[Recorded data]

<<<<

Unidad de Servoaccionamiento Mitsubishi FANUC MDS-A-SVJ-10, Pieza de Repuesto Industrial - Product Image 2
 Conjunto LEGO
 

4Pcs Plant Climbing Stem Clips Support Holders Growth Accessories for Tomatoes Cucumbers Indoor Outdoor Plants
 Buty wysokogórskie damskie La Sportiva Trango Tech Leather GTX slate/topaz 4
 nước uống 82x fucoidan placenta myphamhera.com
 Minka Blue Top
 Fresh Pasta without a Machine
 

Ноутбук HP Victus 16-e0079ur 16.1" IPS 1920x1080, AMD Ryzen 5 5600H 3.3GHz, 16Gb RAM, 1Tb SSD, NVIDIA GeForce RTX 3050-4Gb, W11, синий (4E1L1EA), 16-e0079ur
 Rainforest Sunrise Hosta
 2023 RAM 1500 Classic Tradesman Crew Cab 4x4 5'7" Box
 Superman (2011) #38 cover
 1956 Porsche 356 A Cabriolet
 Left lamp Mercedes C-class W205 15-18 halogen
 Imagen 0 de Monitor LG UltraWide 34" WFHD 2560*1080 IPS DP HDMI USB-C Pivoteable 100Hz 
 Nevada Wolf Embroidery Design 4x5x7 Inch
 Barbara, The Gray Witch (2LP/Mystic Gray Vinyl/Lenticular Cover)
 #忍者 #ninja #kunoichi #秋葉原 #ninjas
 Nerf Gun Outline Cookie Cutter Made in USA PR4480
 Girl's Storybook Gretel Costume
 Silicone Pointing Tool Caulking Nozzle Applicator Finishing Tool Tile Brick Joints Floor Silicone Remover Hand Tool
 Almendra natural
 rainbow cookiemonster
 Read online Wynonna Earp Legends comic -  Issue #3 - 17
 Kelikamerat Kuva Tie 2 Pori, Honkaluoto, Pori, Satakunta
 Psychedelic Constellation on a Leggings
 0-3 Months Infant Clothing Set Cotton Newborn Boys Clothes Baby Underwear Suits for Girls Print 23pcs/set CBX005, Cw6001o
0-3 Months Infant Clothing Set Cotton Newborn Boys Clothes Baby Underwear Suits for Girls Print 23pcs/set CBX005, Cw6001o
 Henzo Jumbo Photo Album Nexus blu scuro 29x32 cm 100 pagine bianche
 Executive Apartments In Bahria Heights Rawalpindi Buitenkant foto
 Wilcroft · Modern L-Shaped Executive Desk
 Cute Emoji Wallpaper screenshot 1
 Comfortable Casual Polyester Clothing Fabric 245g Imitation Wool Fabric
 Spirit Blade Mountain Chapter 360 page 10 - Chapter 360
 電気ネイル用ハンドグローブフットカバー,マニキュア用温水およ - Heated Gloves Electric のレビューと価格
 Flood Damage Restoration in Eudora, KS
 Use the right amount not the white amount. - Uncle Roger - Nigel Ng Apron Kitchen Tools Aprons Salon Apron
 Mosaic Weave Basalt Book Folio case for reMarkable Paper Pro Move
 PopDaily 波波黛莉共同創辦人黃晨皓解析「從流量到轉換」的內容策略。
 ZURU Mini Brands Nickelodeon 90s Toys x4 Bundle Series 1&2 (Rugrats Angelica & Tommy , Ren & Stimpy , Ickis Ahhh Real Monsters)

>>>>

(ABOUT THIS EXERCISE) Please set down all the data word for word.

(SOLUTION TO THIS PROBLEM)
Unidad de Servoaccionamiento Mitsubishi FANUC MDS-A-SVJ-10, Pieza de Repuesto Industrial - Product Image 2
 Conjunto LEGO
 

4Pcs Plant Climbing Stem Clips Support Holders Growth Accessories for Tomatoes Cucumbers Indoor Outdoor Plants
 Buty wysokogórskie damskie La Sportiva Trango Tech Leather GTX slate/topaz 4
 nước uống 82x fucoidan placenta myphamhera.com
 Minka Blue Top
 Fresh Pasta without a Machine
 

Ноутбук HP Victus 16-e0079ur 16.1" IPS 1920x1080, AMD Ryzen 5 5600H 3.3GHz, 16Gb RAM, 1Tb SSD, NVIDIA GeForce RTX 3050-4Gb, W11, синий (4E1L1EA), 16-e0079ur
 Rainforest Sunrise Hosta
 2023 RAM 1500 Classic Tradesman Crew Cab 4x4 5'7" Box
 Superman (2011) #38 cover
 1956 Porsche 356 A Cabriolet
 Left lamp Mercedes C-class W205 15-18 halogen
 Imagen 0 de Monitor LG UltraWide 34" WFHD 2560*1080 IPS DP HDMI USB-C Pivoteable 100Hz 
 Nevada Wolf Embroidery Design 4x5x7 Inch
 Barbara, The Gray Witch (2LP/Mystic Gray Vinyl/Lenticular Cover)
 #忍者 #ninja #kunoichi #秋葉原 #ninjas
 Nerf Gun Outline Cookie Cutter Made in USA PR4480
 Girl's Storybook Gretel Costume
 Silicone Pointing Tool Caulking Nozzle Applicator Finishing Tool Tile Brick Joints Floor Silicone Remover Hand Tool
 Almendra natural
 rainbow cookiemonster
 Read online Wynonna Earp Legends comic -  Issue #3 - 17
 Kelikamerat Kuva Tie 2 Pori, Honkaluoto, Pori, Satakunta
 Psychedelic Constellation on a Leggings
 0-3 Months Infant Clothing Set Cotton Newborn Boys Clothes Baby Underwear Suits for Girls Print 23pcs/set CBX005, Cw6001o
0-3 Months Infant Clothing Set Cotton Newborn Boys Clothes Baby Underwear Suits for Girls Print 23pcs/set CBX005, Cw6001o
 Henzo Jumbo Photo Album Nexus blu scuro 29x32 cm 100 pagine bianche
 Executive Apartments In Bahria Heights Rawalpindi Buitenkant foto
 Wilcroft · Modern L-Shaped Executive Desk
 Cute Emoji Wallpaper screenshot 1
 Comfortable Casual Polyester Clothing Fabric 245g Imitation Wool Fabric
 Spirit Blade Mountain Chapter 360 page 10 - Chapter 360
 電気ネイル用ハンドグローブフットカバー,マニキュア用温水およ - Heated Gloves Electric のレビューと価格
 Flood Damage Restoration in Eudora, KS
 Use the right amount not the white amount. - Uncle Roger - Nigel Ng Apron Kitchen Tools Aprons Salon Apron
 Mosaic Weave Basalt Book Folio case for reMarkable Paper Pro Move
 PopDaily 波波黛莉共同創辦人黃晨皓解析「從流量到轉換」的內容策略。
 ZURU Mini Brands Nickelodeon 90s Toys x4 Bundle Series 1&2 (Rugrats Angelica & Tommy , Ren & Stimpy , Ickis Ahhh Real Monsters)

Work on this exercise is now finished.